Flink第一章:环境搭建
Flink第二章:基本操作.
Flink第三章:基本操作(二)
Flink第四章:水位线和窗口
Flink第五章:处理函数
Flink第六章:多流操作
之前我们进行的都是Flink的单流操作,接下来我们我们进行Flink的多流操作.
创建scala
我们根据不同的点击用户进行输出
SplitStreamTest.scala
package com.atguigu.chapter05
import com.atguigu.chapter02.Source.{ClickSource, Event}
import org.apache.flink.streaming.api.functions.ProcessFunction
import org.apache.flink.streaming.api.scala._
import org.apache.flink.util.Collector
object SplitStreamTest {
// 定义输出标签
val maryTag = OutputTag[(String, String, Long)]("mary-tag")
val bobTag = OutputTag[(String, String, Long)]("bob-tag")
def main(args: Array[String]): Unit = {
val env: StreamExecutionEnvironment = StreamExecutionEnvironment.getExecutionEnvironment
env.setParallelism(1)
val stream: DataStream[Event] = env.addSource(new ClickSource)
val elseStream: DataStream[Event] = stream.process(new ProcessFunction[Event, Event] {
override def processElement(value: Event, ctx: ProcessFunction[Event, Event]#Context, out: Collector[Event]): Unit = {
if (value.user == "Mary") {
ctx.output(maryTag, (value.user, value.url, value.timestamp))
} else if (value.user == "Bob") {
ctx.output(bobTag, (value.user, value.url, value.timestamp))
} else {
out.collect(value)
}
}
})
elseStream.print("else")
elseStream.getSideOutput(maryTag).print("mary")
elseStream.getSideOutput(bobTag).print("bob")
env.execute()
}
}
UnionTest.scala
package com.atguigu.chapter05
import com.atguigu.chapter02.Source.Event
import org.apache.flink.streaming.api.functions.ProcessFunction
import org.apache.flink.streaming.api.scala._
import org.apache.flink.util.Collector
object UnionTest {
def main(args: Array[String]): Unit = {
val env: StreamExecutionEnvironment = StreamExecutionEnvironment.getExecutionEnvironment
env.setParallelism(1)
// 读取两条流进行合并
val stream1: DataStream[Event] = env.socketTextStream("127.0.0.1", 7777).map(
data => {
val fields: Array[String] = data.split(",")

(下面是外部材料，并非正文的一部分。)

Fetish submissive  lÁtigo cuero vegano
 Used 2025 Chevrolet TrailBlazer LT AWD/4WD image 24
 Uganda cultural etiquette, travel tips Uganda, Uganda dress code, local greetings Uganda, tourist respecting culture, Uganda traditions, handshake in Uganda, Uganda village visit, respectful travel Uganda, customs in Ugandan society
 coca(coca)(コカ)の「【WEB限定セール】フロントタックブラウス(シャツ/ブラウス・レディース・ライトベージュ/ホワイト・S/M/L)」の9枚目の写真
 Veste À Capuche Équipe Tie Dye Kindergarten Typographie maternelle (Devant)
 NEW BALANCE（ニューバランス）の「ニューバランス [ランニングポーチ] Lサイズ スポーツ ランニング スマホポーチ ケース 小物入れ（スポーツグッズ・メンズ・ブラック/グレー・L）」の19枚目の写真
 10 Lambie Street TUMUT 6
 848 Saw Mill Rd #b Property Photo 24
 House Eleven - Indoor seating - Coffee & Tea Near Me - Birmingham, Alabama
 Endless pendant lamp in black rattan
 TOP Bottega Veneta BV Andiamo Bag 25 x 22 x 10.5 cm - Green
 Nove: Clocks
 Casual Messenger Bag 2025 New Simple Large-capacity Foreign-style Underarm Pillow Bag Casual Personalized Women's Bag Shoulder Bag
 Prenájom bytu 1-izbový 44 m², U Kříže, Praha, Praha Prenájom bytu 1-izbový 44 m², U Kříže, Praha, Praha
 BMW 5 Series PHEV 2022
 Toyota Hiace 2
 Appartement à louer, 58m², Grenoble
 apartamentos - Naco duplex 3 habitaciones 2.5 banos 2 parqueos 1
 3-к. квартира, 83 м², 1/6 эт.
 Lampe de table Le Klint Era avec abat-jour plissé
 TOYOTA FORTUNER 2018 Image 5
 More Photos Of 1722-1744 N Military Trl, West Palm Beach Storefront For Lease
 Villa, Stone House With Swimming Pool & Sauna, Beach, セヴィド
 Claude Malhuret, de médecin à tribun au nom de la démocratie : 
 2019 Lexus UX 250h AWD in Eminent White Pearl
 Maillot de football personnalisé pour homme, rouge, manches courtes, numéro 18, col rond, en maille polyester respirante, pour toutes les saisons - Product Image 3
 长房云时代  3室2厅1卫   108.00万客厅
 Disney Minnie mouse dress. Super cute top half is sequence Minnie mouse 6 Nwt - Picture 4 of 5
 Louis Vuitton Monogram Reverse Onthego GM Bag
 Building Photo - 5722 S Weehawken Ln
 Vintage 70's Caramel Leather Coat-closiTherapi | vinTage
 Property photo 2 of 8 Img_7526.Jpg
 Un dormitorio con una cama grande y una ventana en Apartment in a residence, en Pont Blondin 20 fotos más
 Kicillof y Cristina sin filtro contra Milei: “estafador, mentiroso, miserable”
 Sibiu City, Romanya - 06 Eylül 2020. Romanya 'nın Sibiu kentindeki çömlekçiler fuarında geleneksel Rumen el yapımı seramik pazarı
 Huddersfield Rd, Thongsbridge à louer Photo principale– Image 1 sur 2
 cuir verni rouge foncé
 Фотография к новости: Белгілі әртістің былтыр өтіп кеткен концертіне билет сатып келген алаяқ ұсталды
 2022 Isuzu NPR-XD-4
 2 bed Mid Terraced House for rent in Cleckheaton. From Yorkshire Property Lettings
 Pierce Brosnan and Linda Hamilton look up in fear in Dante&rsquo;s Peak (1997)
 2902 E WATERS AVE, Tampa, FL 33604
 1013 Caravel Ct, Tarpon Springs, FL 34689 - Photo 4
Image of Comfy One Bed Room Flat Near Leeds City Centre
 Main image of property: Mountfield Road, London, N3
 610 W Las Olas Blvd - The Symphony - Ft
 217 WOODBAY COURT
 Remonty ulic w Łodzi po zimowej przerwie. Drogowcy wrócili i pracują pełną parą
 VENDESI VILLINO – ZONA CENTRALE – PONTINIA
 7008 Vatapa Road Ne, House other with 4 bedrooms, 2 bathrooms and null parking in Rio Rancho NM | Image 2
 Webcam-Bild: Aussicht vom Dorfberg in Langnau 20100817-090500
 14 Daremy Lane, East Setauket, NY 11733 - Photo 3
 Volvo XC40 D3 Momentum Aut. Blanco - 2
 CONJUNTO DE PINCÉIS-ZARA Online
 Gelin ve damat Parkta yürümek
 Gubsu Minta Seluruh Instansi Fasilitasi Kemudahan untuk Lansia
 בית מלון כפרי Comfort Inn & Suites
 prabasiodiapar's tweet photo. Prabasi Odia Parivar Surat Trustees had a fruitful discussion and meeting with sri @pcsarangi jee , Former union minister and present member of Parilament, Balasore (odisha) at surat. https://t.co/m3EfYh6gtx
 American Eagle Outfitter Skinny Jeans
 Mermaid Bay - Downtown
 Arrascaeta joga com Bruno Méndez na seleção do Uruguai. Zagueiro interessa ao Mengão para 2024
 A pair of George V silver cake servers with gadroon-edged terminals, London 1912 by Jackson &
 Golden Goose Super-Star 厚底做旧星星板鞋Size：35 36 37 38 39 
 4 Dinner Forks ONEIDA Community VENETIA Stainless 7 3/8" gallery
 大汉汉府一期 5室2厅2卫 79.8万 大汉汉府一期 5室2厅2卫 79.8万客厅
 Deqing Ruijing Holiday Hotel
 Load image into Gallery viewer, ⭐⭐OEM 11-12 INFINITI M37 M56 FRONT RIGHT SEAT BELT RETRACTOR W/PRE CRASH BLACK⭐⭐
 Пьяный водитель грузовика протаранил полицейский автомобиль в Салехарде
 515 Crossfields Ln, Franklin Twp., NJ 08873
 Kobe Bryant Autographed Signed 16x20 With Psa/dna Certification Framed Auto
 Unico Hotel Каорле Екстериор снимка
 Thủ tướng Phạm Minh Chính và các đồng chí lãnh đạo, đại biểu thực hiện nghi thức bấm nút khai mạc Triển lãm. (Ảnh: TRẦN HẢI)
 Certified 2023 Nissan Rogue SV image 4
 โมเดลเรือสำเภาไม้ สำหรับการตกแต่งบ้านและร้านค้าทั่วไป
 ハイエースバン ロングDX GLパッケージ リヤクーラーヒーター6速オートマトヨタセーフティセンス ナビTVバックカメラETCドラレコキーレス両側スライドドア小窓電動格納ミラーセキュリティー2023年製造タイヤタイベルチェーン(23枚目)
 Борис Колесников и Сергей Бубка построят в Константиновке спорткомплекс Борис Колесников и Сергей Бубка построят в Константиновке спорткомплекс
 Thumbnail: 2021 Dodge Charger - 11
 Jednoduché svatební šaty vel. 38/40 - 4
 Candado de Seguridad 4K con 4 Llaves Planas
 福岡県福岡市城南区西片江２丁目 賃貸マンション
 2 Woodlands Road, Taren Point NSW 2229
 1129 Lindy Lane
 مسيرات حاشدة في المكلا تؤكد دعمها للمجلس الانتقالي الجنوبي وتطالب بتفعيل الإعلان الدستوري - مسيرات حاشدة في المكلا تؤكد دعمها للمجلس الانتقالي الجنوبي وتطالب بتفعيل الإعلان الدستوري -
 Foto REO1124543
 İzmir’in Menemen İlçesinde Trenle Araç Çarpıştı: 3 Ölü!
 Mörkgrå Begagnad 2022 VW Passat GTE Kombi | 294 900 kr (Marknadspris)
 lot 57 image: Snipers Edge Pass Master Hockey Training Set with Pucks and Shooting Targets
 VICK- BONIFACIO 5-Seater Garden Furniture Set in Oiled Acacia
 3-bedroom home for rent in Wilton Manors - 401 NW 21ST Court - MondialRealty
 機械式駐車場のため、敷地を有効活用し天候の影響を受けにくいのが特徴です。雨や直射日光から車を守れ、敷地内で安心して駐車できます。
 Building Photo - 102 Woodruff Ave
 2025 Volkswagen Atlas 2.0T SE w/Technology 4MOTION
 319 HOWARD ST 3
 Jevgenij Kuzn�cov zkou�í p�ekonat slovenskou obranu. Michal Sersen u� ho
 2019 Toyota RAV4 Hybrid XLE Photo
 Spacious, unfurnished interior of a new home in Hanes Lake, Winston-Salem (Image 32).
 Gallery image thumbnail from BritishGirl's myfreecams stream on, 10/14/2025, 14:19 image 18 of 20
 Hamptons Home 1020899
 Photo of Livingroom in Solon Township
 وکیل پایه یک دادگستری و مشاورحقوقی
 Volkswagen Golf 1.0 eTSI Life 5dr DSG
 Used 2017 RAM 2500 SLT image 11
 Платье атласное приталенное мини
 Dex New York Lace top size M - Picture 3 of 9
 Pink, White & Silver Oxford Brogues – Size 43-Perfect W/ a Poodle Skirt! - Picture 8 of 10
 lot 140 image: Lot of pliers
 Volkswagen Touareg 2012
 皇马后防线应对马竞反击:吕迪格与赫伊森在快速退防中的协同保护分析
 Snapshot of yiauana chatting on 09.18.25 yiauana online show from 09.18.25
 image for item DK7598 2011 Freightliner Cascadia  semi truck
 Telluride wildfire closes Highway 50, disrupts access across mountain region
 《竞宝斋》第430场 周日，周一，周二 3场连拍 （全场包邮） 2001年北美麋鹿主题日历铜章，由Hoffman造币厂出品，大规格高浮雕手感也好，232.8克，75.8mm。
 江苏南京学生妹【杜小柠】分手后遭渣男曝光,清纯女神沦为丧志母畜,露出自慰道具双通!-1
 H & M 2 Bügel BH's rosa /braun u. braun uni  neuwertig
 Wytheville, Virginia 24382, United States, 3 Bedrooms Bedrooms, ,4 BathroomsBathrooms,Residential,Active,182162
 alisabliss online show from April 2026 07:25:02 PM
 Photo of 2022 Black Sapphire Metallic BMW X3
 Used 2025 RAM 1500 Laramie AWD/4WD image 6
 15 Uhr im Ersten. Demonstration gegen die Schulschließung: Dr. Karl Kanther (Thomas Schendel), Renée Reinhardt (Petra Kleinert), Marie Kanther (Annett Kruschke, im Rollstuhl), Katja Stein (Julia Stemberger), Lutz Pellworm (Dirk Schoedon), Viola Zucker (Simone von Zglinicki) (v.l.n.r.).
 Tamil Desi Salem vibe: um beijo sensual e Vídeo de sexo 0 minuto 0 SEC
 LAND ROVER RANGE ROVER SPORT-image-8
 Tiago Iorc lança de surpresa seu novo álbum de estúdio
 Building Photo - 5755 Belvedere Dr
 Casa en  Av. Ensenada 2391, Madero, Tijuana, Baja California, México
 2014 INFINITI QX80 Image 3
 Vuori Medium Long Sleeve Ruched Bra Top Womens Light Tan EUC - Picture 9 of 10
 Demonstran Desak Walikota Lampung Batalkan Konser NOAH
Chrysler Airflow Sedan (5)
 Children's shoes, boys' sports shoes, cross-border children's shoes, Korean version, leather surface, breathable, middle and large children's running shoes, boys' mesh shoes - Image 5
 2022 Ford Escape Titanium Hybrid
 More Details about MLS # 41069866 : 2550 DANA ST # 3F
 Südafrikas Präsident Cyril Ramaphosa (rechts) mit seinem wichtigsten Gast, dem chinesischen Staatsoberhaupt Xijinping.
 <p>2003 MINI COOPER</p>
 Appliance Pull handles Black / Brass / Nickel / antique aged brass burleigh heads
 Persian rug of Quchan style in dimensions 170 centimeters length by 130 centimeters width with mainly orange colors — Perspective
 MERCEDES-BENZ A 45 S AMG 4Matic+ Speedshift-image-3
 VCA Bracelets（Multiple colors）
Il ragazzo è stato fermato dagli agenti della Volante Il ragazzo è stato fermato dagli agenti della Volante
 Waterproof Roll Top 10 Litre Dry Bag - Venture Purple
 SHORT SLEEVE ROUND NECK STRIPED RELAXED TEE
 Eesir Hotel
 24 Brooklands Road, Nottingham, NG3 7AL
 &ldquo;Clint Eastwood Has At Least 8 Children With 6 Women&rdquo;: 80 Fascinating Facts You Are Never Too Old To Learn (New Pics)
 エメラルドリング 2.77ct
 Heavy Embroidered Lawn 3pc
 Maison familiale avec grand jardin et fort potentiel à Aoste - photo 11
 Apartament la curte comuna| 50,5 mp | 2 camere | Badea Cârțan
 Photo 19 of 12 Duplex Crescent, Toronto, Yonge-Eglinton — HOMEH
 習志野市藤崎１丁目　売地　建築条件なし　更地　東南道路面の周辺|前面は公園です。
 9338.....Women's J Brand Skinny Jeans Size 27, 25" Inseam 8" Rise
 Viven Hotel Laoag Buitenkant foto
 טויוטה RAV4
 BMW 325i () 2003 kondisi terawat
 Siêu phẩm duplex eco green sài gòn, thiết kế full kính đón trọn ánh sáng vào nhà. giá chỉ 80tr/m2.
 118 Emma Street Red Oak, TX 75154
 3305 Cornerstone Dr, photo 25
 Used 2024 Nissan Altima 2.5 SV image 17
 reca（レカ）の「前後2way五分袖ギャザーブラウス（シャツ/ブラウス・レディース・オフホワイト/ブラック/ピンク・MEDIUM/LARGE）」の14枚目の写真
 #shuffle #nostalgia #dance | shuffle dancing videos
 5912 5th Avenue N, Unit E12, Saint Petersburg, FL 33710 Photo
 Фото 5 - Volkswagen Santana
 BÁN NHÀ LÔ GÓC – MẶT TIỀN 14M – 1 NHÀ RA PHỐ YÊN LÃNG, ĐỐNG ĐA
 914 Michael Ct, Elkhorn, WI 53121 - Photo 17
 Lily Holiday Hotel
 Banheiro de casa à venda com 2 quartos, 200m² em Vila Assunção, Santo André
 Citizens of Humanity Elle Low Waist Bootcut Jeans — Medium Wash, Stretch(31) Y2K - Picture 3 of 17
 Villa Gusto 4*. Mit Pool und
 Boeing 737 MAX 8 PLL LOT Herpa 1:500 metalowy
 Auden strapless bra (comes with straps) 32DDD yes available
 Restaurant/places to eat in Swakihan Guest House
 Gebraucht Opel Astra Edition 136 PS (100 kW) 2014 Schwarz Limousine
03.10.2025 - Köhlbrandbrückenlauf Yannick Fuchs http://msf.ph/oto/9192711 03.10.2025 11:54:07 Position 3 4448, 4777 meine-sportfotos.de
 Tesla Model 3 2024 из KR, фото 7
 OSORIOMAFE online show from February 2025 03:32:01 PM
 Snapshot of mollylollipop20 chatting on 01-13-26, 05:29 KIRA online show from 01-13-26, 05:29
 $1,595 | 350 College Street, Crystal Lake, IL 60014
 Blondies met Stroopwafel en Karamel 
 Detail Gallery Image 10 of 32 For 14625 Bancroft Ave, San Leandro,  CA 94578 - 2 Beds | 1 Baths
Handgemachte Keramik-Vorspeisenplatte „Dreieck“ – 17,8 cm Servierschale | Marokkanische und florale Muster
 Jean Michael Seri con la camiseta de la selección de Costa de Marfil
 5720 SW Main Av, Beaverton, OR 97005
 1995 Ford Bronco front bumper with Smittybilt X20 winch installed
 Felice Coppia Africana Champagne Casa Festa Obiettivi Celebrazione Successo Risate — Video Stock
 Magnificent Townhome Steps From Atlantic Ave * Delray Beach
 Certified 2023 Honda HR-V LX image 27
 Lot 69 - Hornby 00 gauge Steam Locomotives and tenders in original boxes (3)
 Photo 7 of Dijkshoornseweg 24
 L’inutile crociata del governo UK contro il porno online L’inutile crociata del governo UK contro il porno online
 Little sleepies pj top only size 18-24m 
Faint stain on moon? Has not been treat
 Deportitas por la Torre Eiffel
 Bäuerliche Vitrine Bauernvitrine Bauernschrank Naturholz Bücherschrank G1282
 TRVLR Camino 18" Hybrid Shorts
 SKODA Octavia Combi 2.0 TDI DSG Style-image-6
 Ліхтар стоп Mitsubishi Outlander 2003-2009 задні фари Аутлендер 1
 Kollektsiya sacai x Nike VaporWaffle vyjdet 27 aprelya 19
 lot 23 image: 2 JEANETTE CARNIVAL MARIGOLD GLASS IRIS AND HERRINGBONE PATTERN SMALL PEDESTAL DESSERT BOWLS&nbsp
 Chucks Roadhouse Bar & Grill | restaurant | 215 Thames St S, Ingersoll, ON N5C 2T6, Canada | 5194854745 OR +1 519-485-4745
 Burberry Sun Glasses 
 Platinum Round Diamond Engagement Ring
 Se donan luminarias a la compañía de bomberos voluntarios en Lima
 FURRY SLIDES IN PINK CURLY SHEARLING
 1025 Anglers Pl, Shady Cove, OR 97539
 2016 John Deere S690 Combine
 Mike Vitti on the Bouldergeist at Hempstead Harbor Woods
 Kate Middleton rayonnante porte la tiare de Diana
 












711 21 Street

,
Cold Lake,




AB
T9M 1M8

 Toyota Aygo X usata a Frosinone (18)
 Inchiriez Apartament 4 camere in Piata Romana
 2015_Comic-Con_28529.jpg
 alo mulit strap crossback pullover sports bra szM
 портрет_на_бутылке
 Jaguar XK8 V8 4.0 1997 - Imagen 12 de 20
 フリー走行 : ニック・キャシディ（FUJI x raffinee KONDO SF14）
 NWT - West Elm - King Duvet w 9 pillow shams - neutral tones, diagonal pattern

Event(fields(0).trim, fields(1).trim, fields(2).trim.toLong)
}
).assignAscendingTimestamps(_.timestamp)
val stream2: DataStream[Event] = env.socketTextStream("127.0.0.1", 8888).map(
data => {
val fields: Array[String] = data.split(",")
Event(fields(0).trim, fields(1).trim, fields(2).trim.toLong)
}
).assignAscendingTimestamps(_.timestamp)
stream1.union(stream2)
.process(new ProcessFunction[Event,String] {
override def processElement(value: Event, ctx: ProcessFunction[Event, String]#Context, out: Collector[String]): Unit = {
out.collect(s"当前水位线: ${ctx.timerService().currentWatermark()}+${value}")
}
}).print()
env.execute()
}
}
我们发出数据的顺序是
7777
Mary,./home,1000
Mary,./home,2000
8888
Mary,./home,500
Mary,./home,1000
可以看到,当只有一条流有数据是,水位线不会推进,因为合流后的水位线默认用最晚的,当第二条流的第二条数据到达,水位线推到500-1,因为程序是先打印后推进水位线.
ConnectTest.scala
package com.atguigu.chapter05
import org.apache.flink.streaming.api.functions.co.CoMapFunction
import org.apache.flink.streaming.api.scala._
object ConnectTest {
def main(args: Array[String]): Unit = {
val env: StreamExecutionEnvironment = StreamExecutionEnvironment.getExecutionEnvironment
env.setParallelism(1)
//定义两条整数流
val stream1: DataStream[Int] = env.fromElements(1, 2, 3)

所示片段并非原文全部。